### Task brief:
In the records below, find the line with "Thank you guys" and repeat exactly every line from it through the line with "We've reinvented cytometry". Pictures stay out.
═══ Data for this task ═══
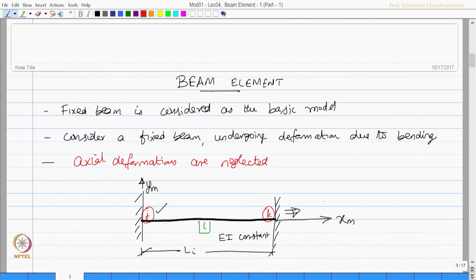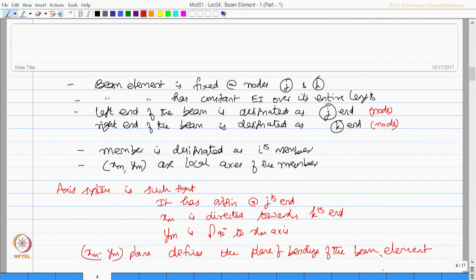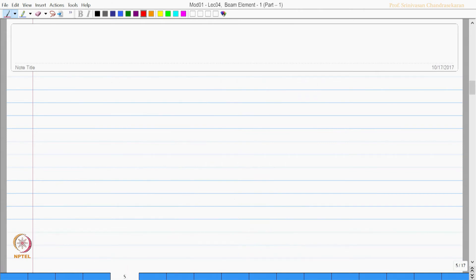These are the sign conventions: member designated as i, J and K ends, length L_i, constant E_i, and X_m, Y_m orientation. We will neglect the axial deformation.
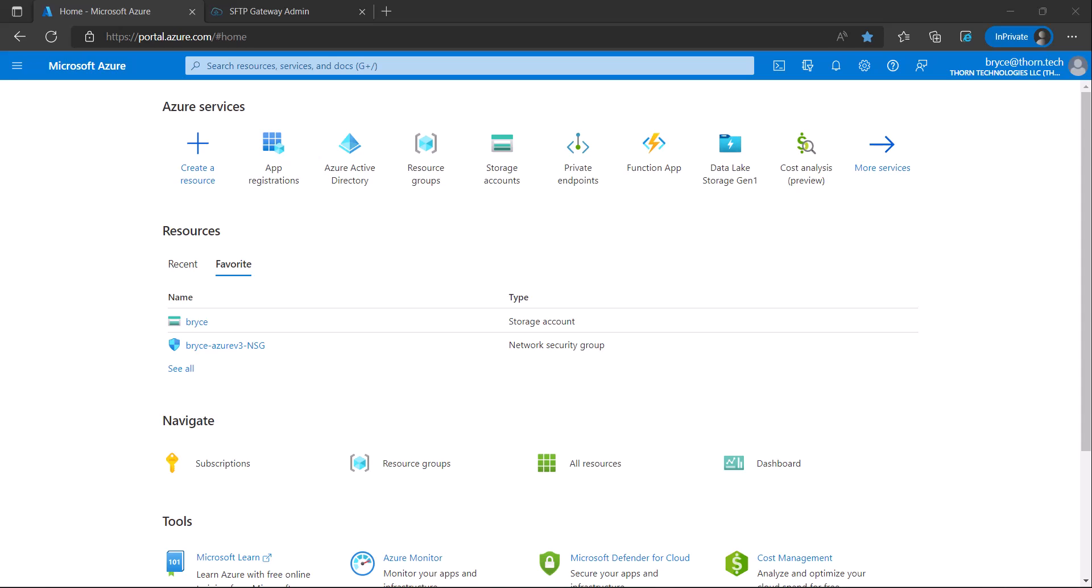Welcome to this SF2B Gateway tutorial by Dorn Technologies. My name is Bryce and in this video I will be showing you how to integrate Azure Active Directory with SF2B Gateway.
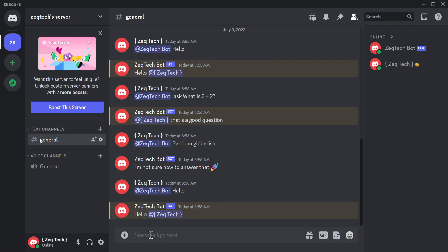Thank you guys so much for watching — now you know how to make your own Discord bot and you can do virtually anything you want with it. Ideally you'd want to put this up on the cloud so it can always be running, since running it on your computer 24/7 isn't the most ideal solution. You can host it on Google Cloud, DigitalOcean, or any other cloud hosting service. Leave a like and a comment if you found this helpful, and I'll see you in the next one.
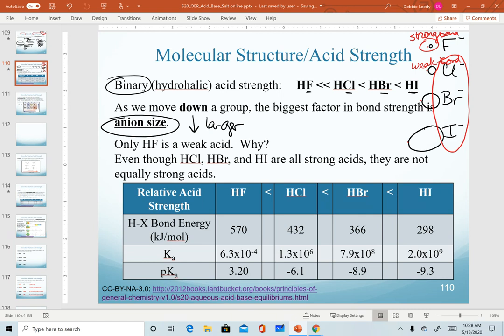Looking at the table at the bottom, we can see bond energies — how much energy it takes to break a mole of these substances. HF has a fairly high bond energy, and they get smaller as we go down. Ka values also change accordingly: HF is a weak acid with a small Ka value; HCl is strong with a Ka of about 10⁶, HBr 10⁸, and HI 10⁹. These acids get successively stronger going down the group. We can also use pKa values — the lower the pKa or higher the Ka, the stronger the acid.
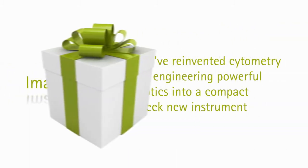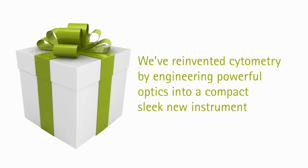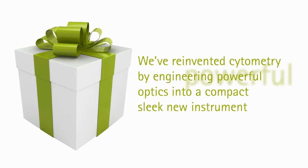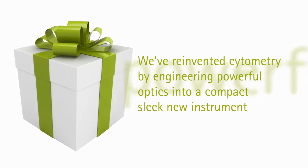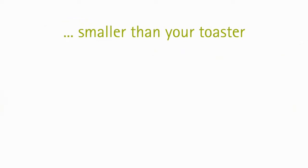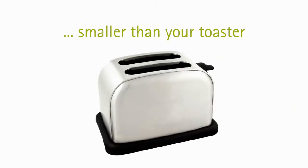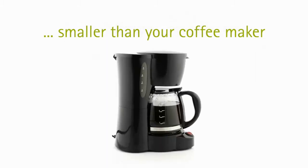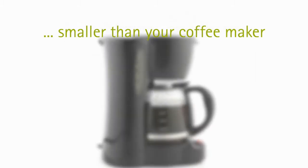We've reinvented cytometry by engineering powerful optics into a compact, sleek new instrument—smaller than your toaster, smaller than your coffee maker.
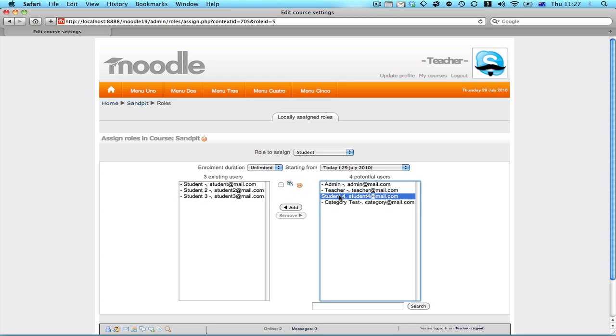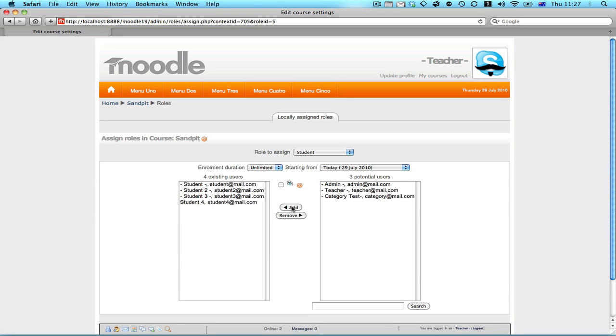So let's select that particular student and then we click the add button to enroll them. So the next time that student logs in, they will see this course in their list of available courses.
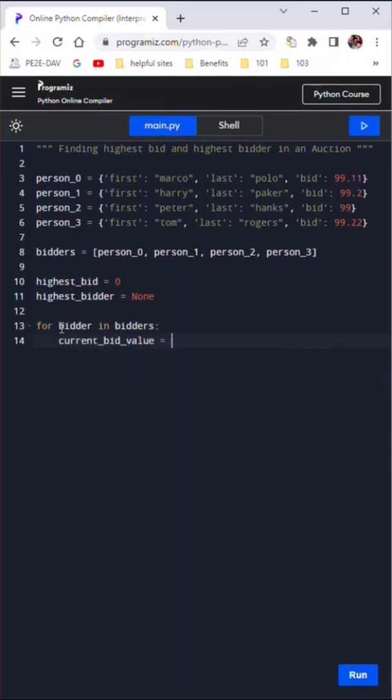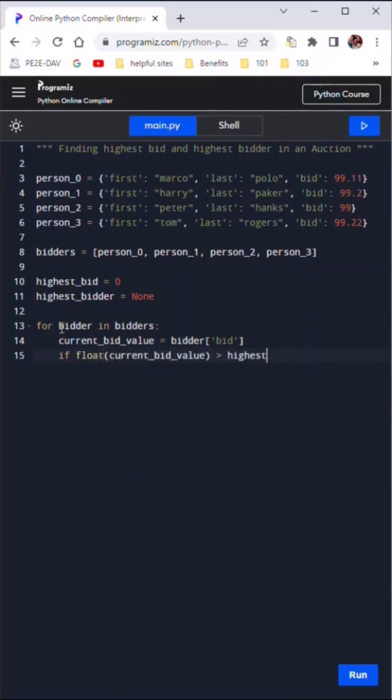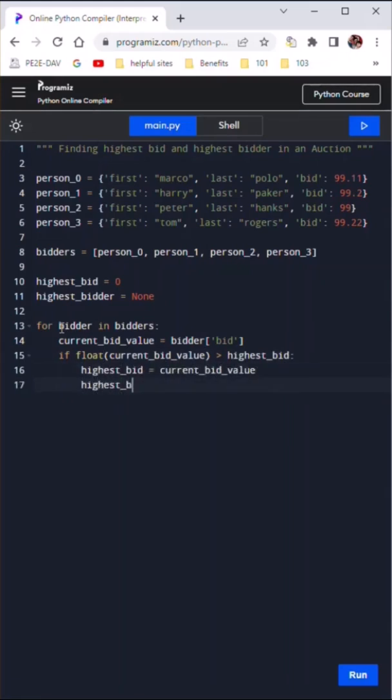Now in a for loop, we iterate through all the bidders. First, we capture the current bid value for the bidder. If the bid value is more than the current highest bid, we update the highest bid to the current bid value and also assign the person as the highest bidder.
═══
### Solution below:
Thank you guys so much for watching — now you know how to make your own Discord bot and you can do virtually anything you want with it. Ideally you'd want to put this up on the cloud so it can always be running, since running it on your computer 24/7 isn't the most ideal solution. You can host it on Google Cloud, DigitalOcean, or any other cloud hosting service. Leave a like and a comment if you found this helpful, and I'll see you in the next one.
Looking at the table at the bottom, we can see bond energies — how much energy it takes to break a mole of these substances. HF has a fairly high bond energy, and they get smaller as we go down. Ka values also change accordingly: HF is a weak acid with a small Ka value; HCl is strong with a Ka of about 10⁶, HBr 10⁸, and HI 10⁹. These acids get successively stronger going down the group. We can also use pKa values — the lower the pKa or higher the Ka, the stronger the acid.
We've reinvented cytometry by engineering powerful optics into a compact, sleek new instrument—smaller than your toaster, smaller than your coffee maker.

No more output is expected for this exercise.